Made it! All the way to the murals of sea snakes and mermaids. A whole length underwater. Personal world record best. For Mo. Surfaced, gasping, to the thunder of drums.

The next bit just happened. Crossed my arms over my chest, tucked my elbows in, chin down, let myself

drop,

drop,

drop

to the bottom.

Stood there. Didn’t know you could do that. Yellow waves of light danced across the floor. Liked the pressure on my ears. Closed my eyes. A trapdoor opened. Sucked me down, down. How long would drowning take? Did it hurt?

Last time Pa took us swimming, Dan stood on the edge, checked for Herr Flick.

‘Geronimo!’ Dive-bombed me.

Pa, no idea it wasn’t allowed:

‘Well done, Daniel! You’re really getting the hang of this.’

Helped him up again. Dan whipped off his inflatables.

‘Geronimo!’

Splash!

Pa, sorting out the armbands. Things always went missing when he was in charge.

‘Pa, he hasn’t surfaced yet.’

‘Course you can, honey.’

‘Pa, Pa, Pa. He’s still down there.’

‘Wha–!’

Pa yanked him off the bottom. Dan’s sick hit Pa’s chest. Fear hit Pa’s face.

That’s how fast Pa could move, before, you know. Faster than fear.

Drowning not as easy as you think, most likely. Herr Prick would spoil it, save me, do the kiss of life in front of everybody. I flapped my hands. Rose towards light. Sped up, shot out, really like a torpedo, gulping for air.

A pair of giant clogs, big face loomed over me.

‘I vont zay it again. Iz Happy Dippuz. Clare ze bool.’

‘But the clock. The big clock. It’s ages yet.’

He tapped his watch, the sort that divers use ten thousand metres under water.

‘Ziz ere. Ziz iz ze tamepiss zat carnts.’

Nazi.

In the changing rooms Dippy Hoppers clanked about. I got dressed, pretended not to look, had a sneaky-peeky. Least I had all my bits.

Jumped between the sliding doors. Blasted by sunlight and Mister Boombastic bang on time just for me.

How about no hands all the way home to make up for the lengths?
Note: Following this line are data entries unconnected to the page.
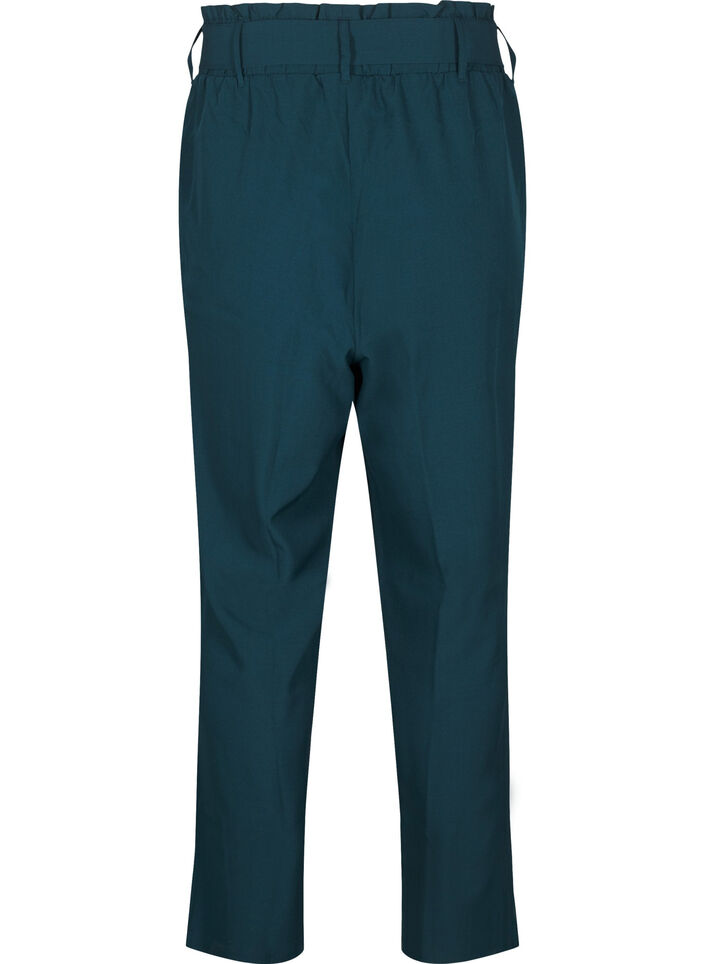 Højtaljede bukser med flæser og bindebånd, Sea Moss Melange, Packshot image number 1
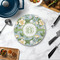 Vintage Floral Round Stone Trivet - In Context View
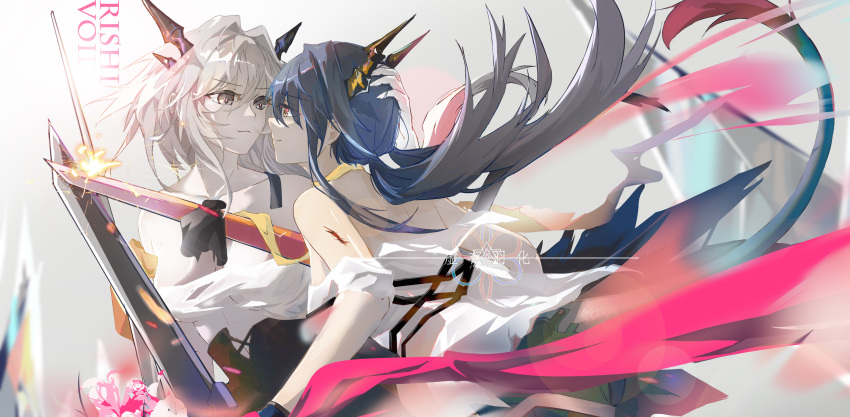 2girls absurdres arknights bare_shoulders black_hair blood breasts ch'en_(arknights) chinese_commentary collarbone commentary_request dragon_girl dragon_horns dragon_tail grey_eyes grey_hair head_grab highres holding holding_sword holding_weapon horns incest injury large_breasts long_hair looking_at_another multiple_girls off_shoulder red_eyes shirt siblings sisters smile sword tail talulah_(arknights) twintails viod_yuhua weapon white_shirt yuri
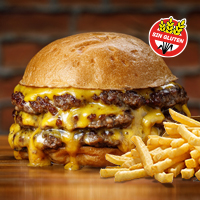 Cheese Burger Triple Sin TACC + Papas Fritas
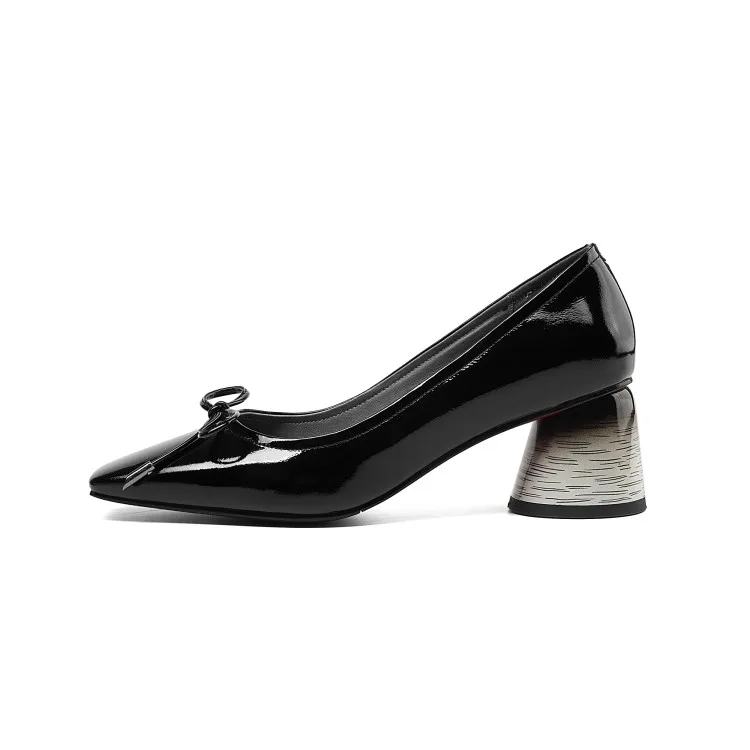 MLJUESE/женские туфли-лодочки из мягкой коровьей кожи без шнуровки с бантом белого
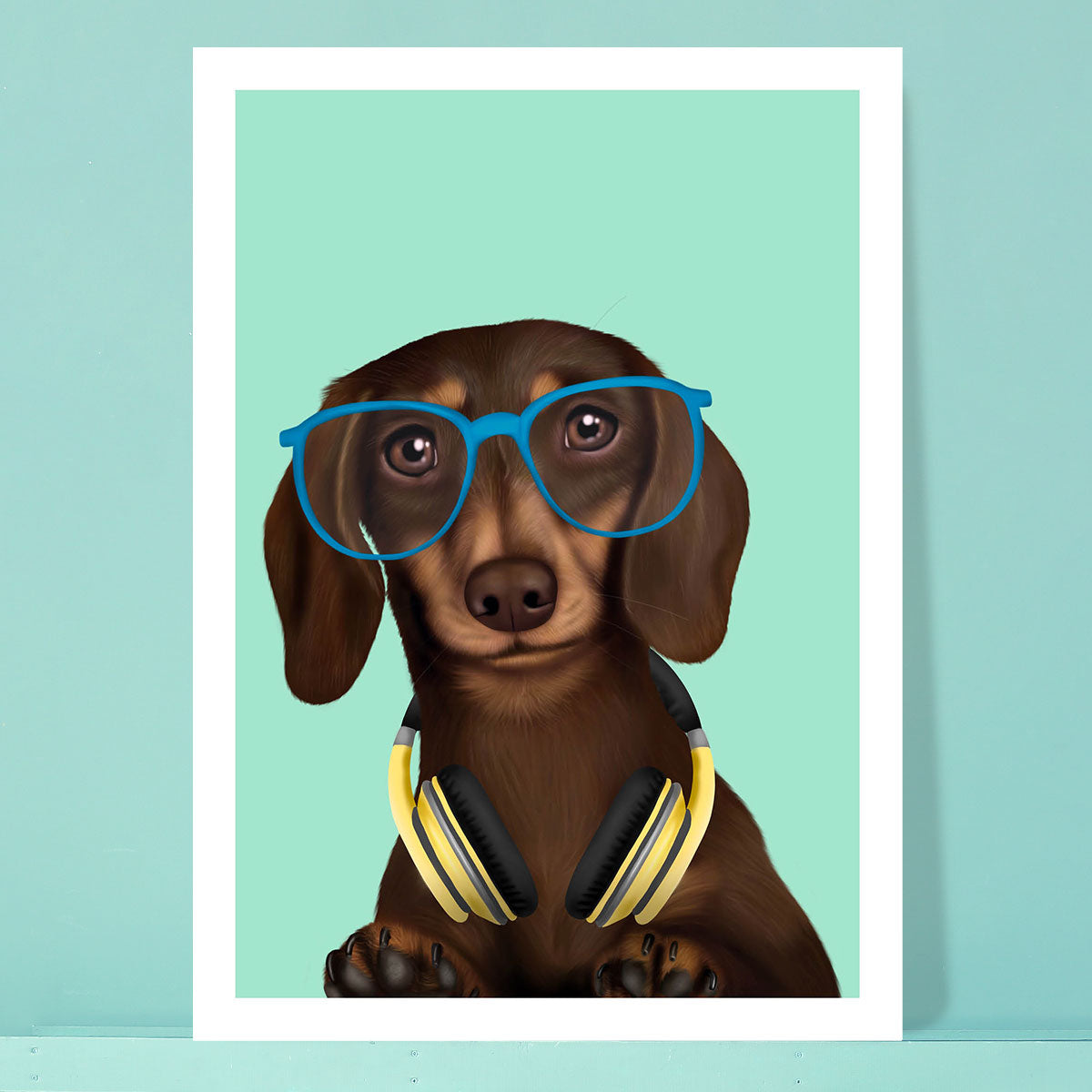 Dachshund in Glasses Card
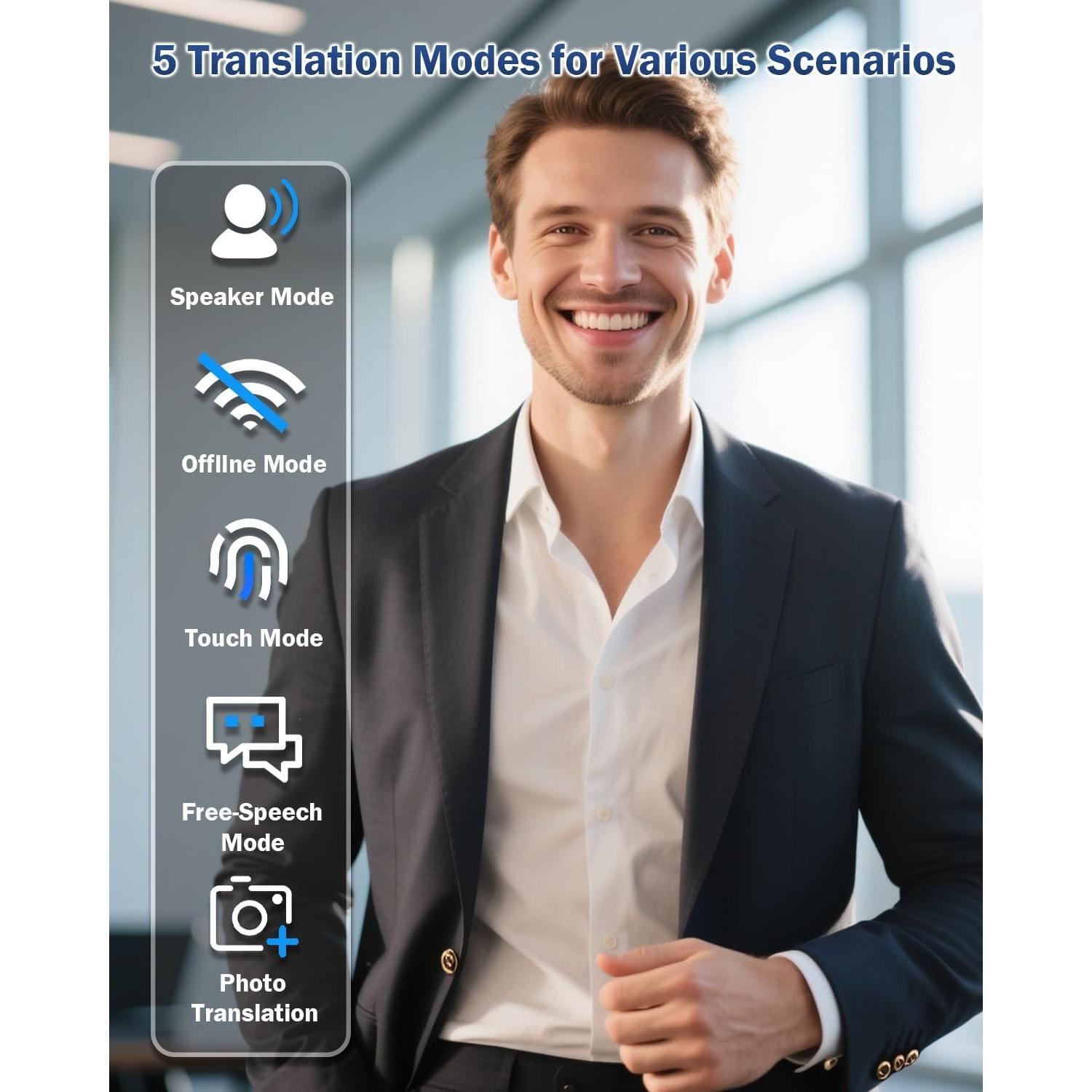 Auriculares Traductores Wooask M9 - 144 Idiomas, Offline, Beige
A nail-biting, death-dicing first. For Mo. It’s the thought that counts, isn’t it?

Must have stood at the bike rack a good while dreaming. Loads of bikes. Not one of them mine. Tru-Pro-Lok still there. Took a while for the penny to drop. Moron. Idiot. Dickhead. Must have locked it straight to the bar, left the bike out. Fuck-fuck-fuck-fuckwit.

Wouldn’t you think that if you lost your little brother and your mountain bike all in one summer, you wouldn’t give a monkey’s about your bike?

Well, you’d be wrong about that.

I hid my Tru-Pro-Lok with my other precious stuff under Daniel’s bed and got ready to tell Mo about my lengths. I stood tall and loose, closed my eyes, breathed all the way in, then all the way out. All the way, how Otis taught me, til my chest was like, this big, and I was three centimetres taller.

In my head I said, ‘I am strong. I am ready.’ And I was. I really was. I would have done it, only down in the kitchen they were rowing again.